Store your API credentials securely. LiveAvatar encrypts secrets using Amazon KMS.
curl -X POST https://api.liveavatar.com/v1/secrets \
  -H "X-API-KEY: <YOUR_API_KEY>" \
  -H "content-type: application/json" \
  -d '{
    "secret_type": "LLM_API_KEY",
    "secret_value": "<your_llm_api_key>",
    "secret_name": "My LLM Key"
  }'
The response returns a secret_id for future reference.

Step 2: Configure your LLM endpoint

Create an LLM configuration with your endpoint details:
curl -X POST https://api.liveavatar.com/v1/llm_configurations \
  -H "X-API-KEY: <YOUR_API_KEY>" \
  -H "content-type: application/json" \
  -d '{
    "display_name": "My Custom LLM",
    "model_name": "gpt-4o-mini",
    "secret_id": "<secret_id>",
    "base_url": "https://api.openai.com"
  }'
The base_url is optional and defaults to OpenAI. Your endpoint must comply with the OpenAI API specification and use the /chat/completions route.
The response returns an llm_configuration_id.

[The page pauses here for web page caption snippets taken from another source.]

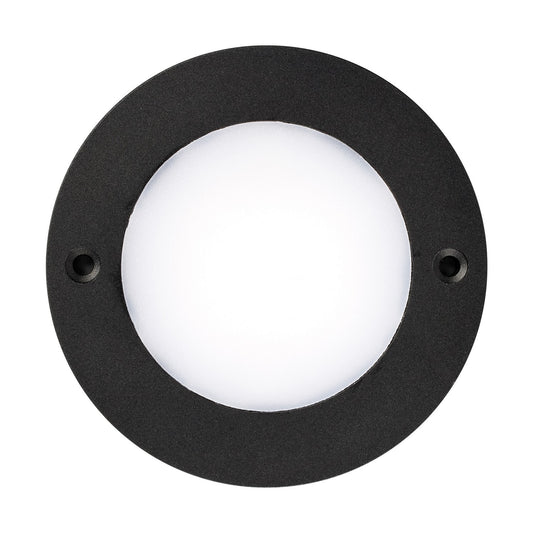 Generation Lighting-984100S-12|MAIN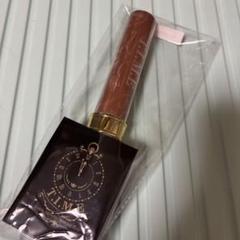 超特急 マサヒロ ペンライト ブラウン RiB Amazon.co.jp: 超特急 マサヒロ ブラウンペンライト2本セット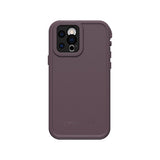 Lifeproof Fre Waterproof Case iPhone 12 PRO 6.1 inch - Ocean Violet 2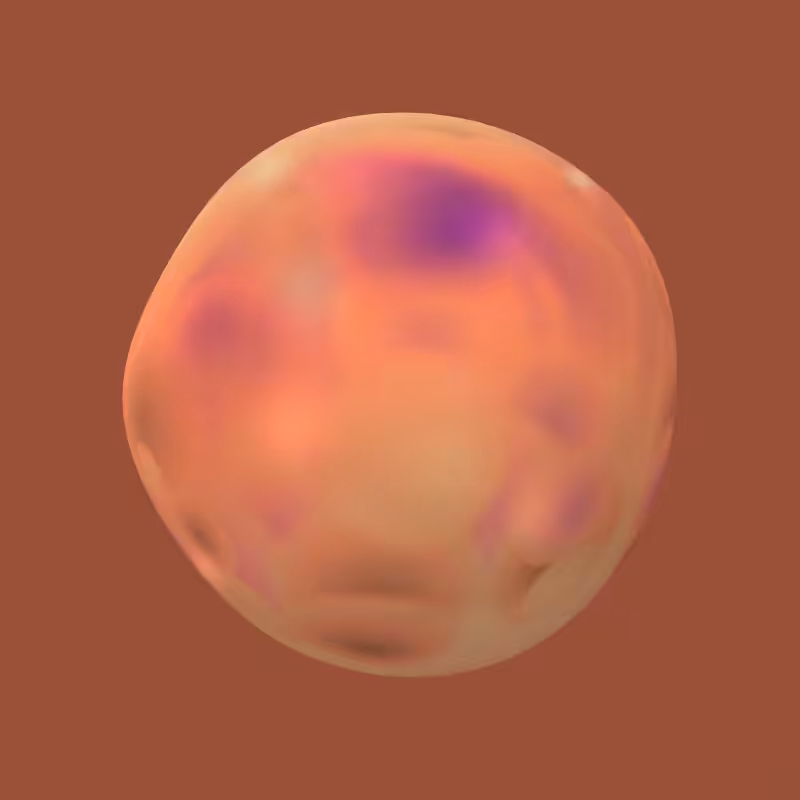Acid Drops #14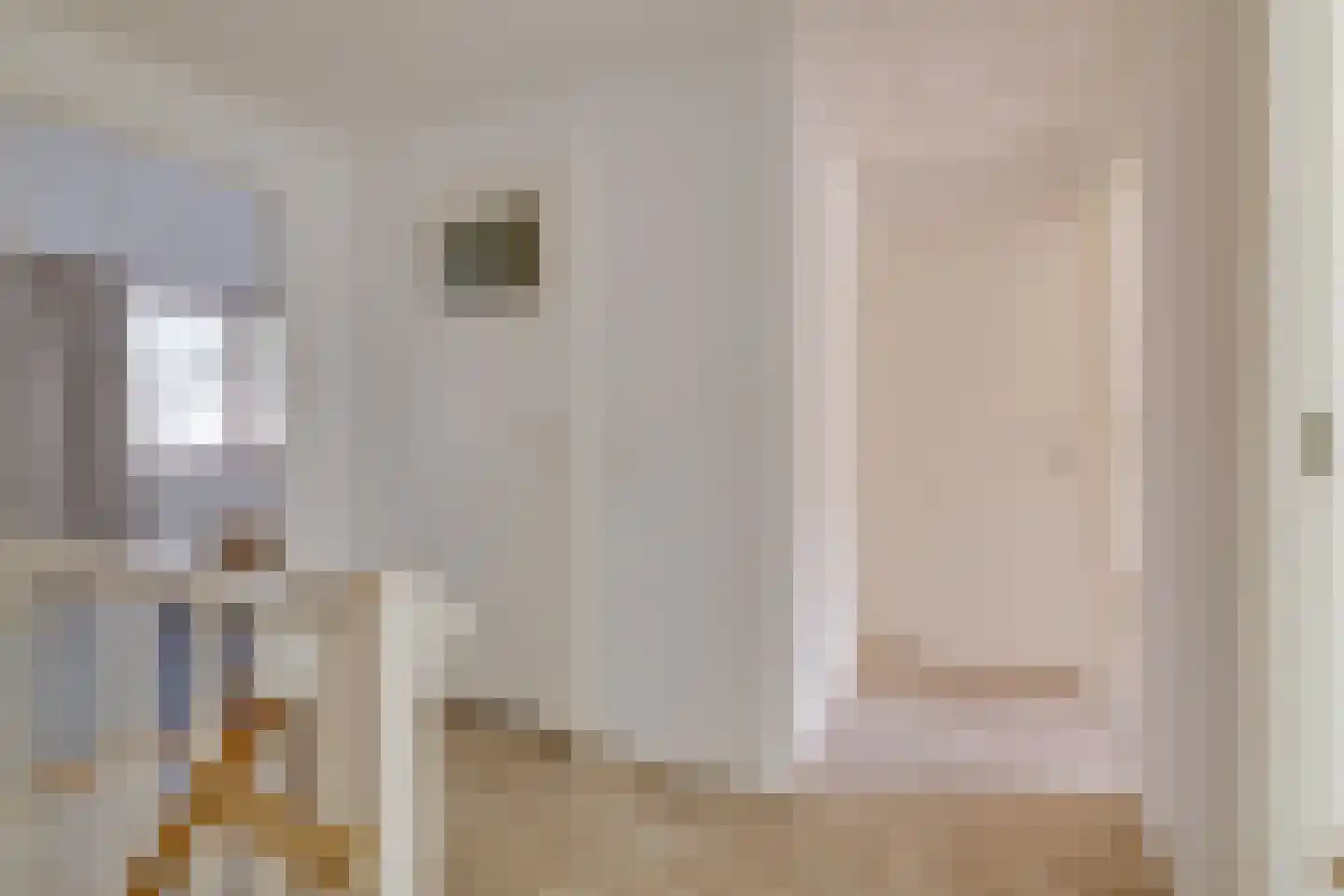 Karhulstraat 72 Ugchelen thumbnail 19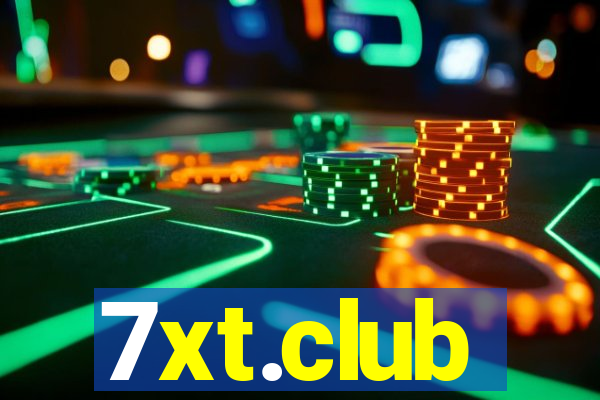 7xt.club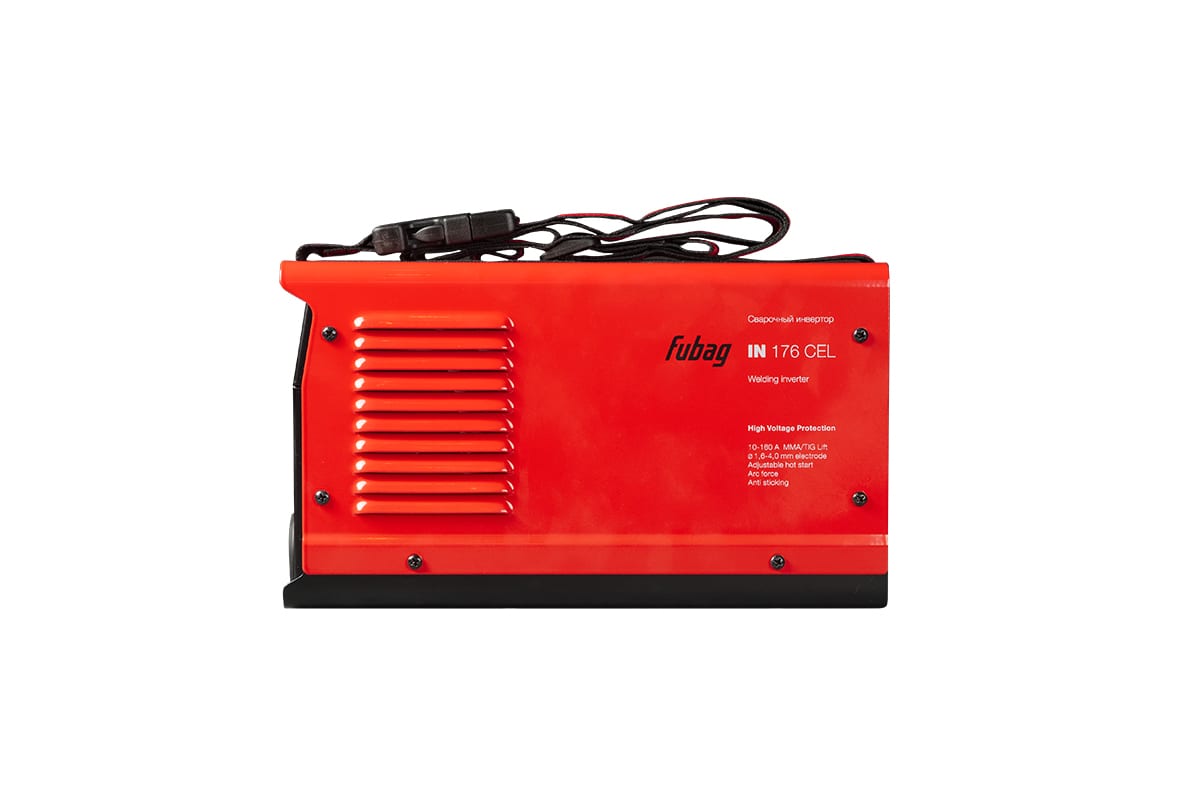 9p1s2a2wajy81g9b9yv5zojl9zhm881i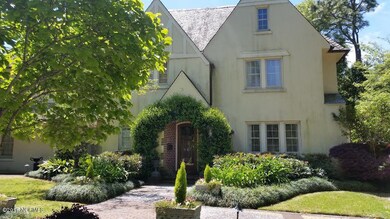 2620 Hydrangea Place, Wilmington, NC 28403 - photo 2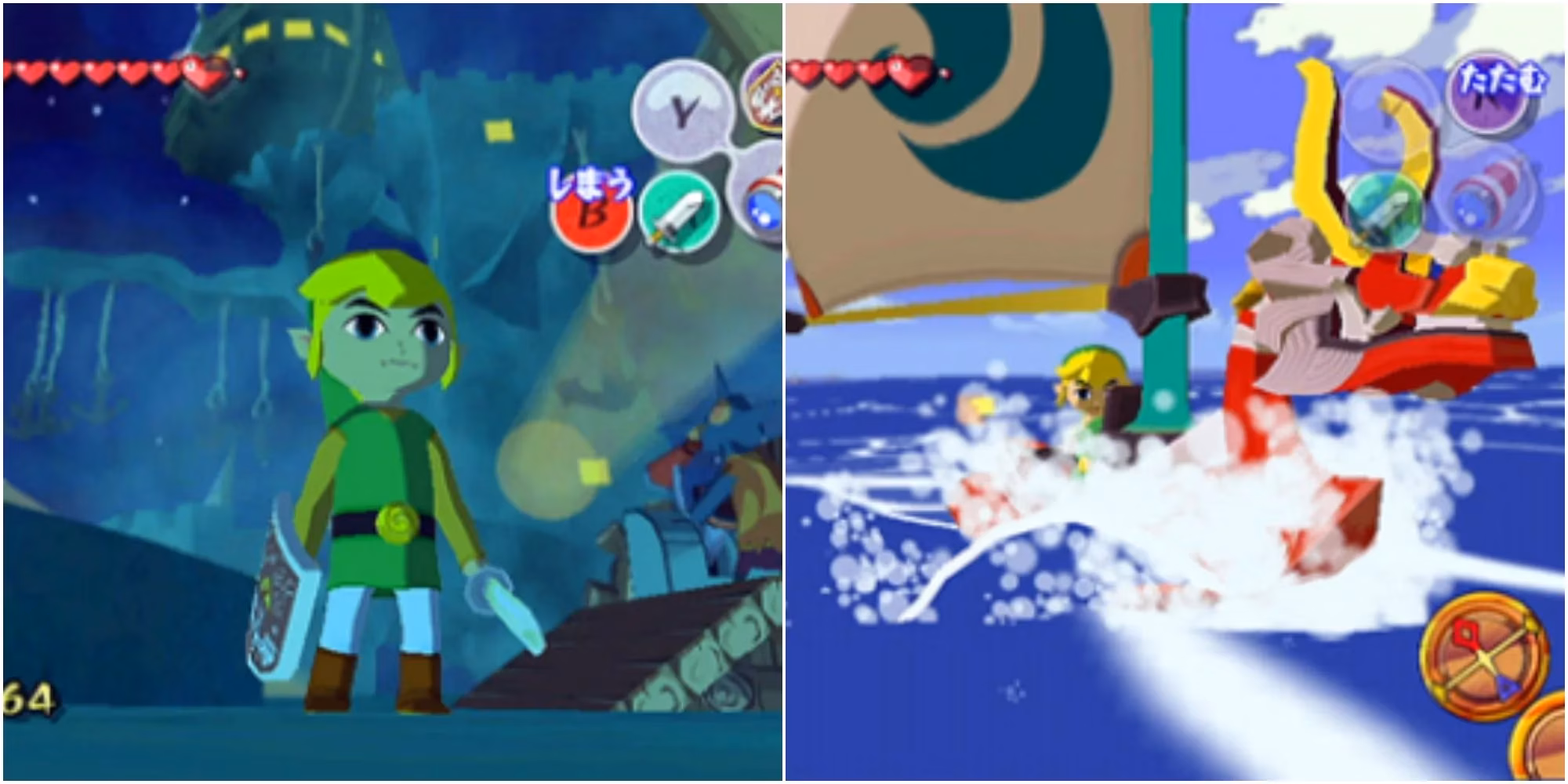 my-journey-through-nintendo-s-open-world-wonders-image-3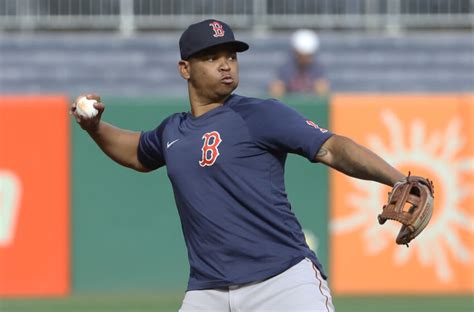 Red Sox rumors: Rafael Devers contract expectations revealed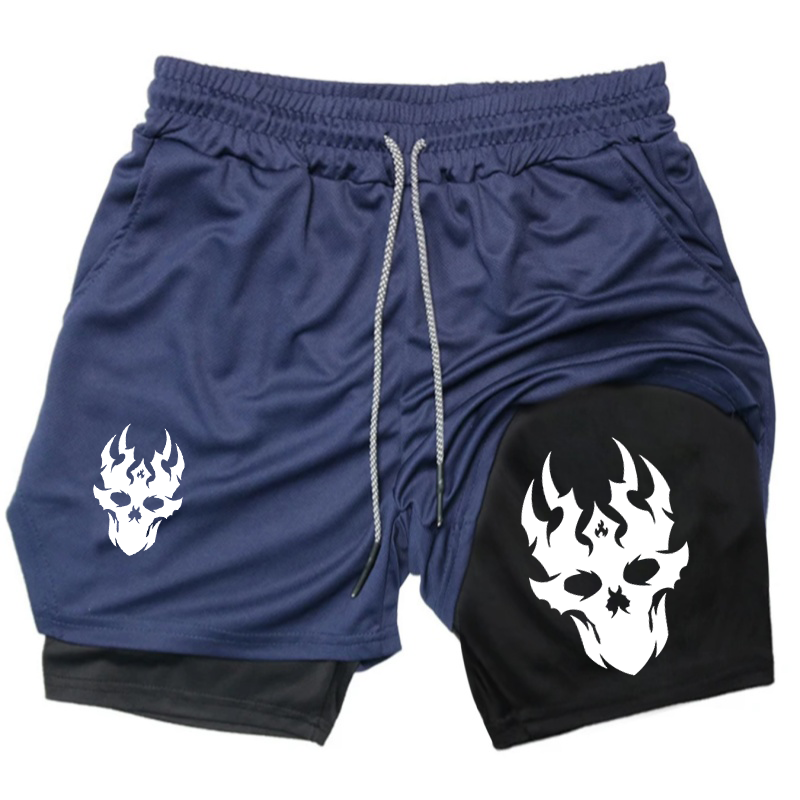 Cool Print Erkek Yazlık Hızlı  - Running Gear Quick Dry incelemesi ve fiyatı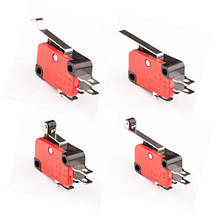 C-C-B MAY CLUB セット Мікровимикачі кінцеві. Товари та послуги компанії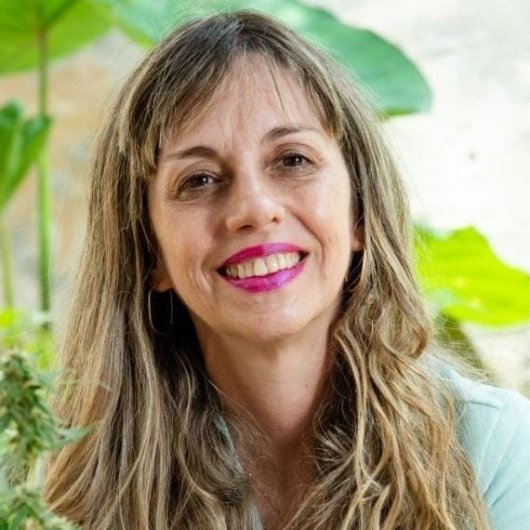 Dra. Eliane Lima Guerra Nunes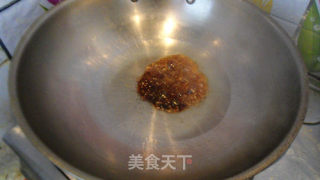 Lazy Kitchen-rice Cooker Cooks Tempting Braised Pork with Fungus recipe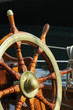 Steering wheel Steering wheel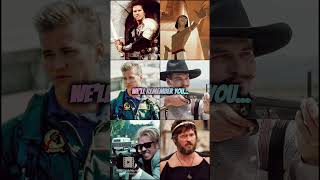 QUICK TAKE: Sleep well Val... #MicOnMovies #QuickTake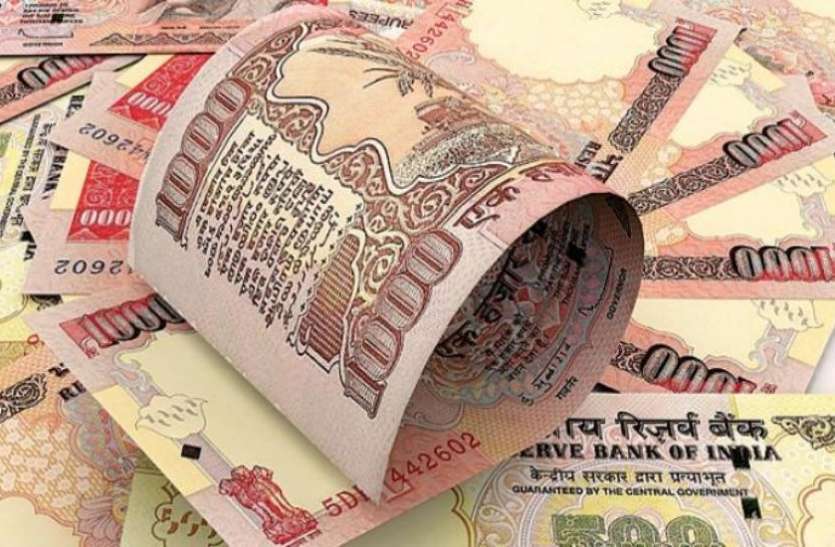 meerut Notebandi Ke 2 Saal: इस देश में धड़ल्ले से चल रहे भारत के बंद 500 और 1000 के नोट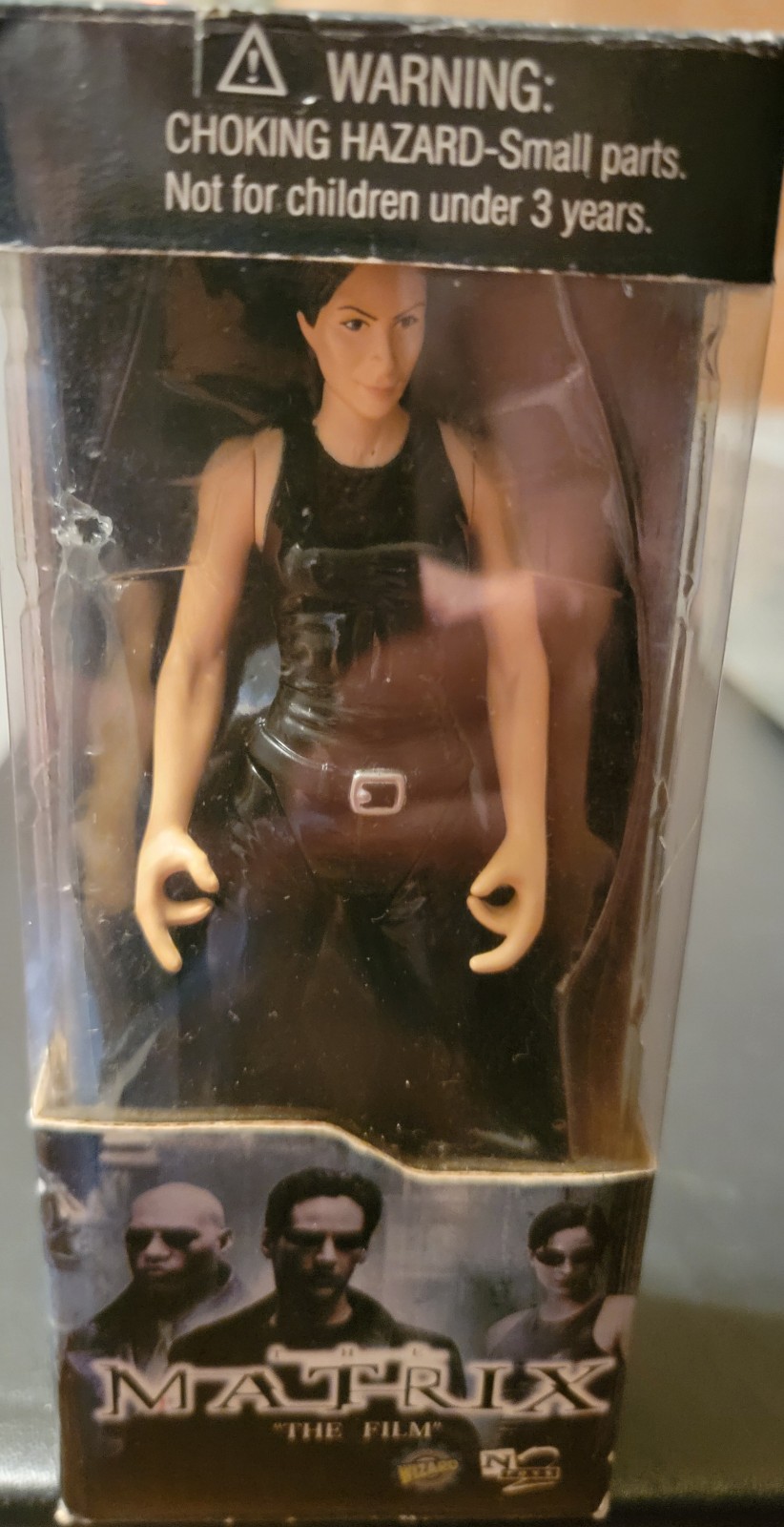 N2 Accessories Action Figures | Mercari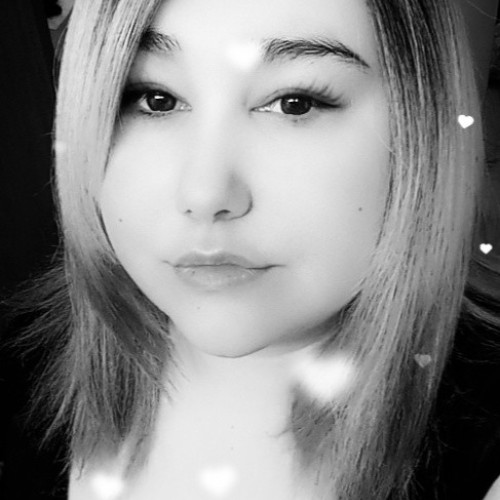 Angel R. profile photo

Step 3: Start a session with your LLM

Set llm_configuration_id in your session token:
{
  "mode": "FULL",
  "avatar_id": "<avatar_id>",
  "llm_configuration_id": "<llm_configuration_id>",
  "avatar_persona": {
    "voice_id": "<voice_id>",
    "context_id": "<context_id>"
  }
}

Supported systems

Any OpenAI-compatible endpoint using the /chat/completions protocol. This includes OpenAI directly, Azure OpenAI, and custom endpoints that wrap other providers.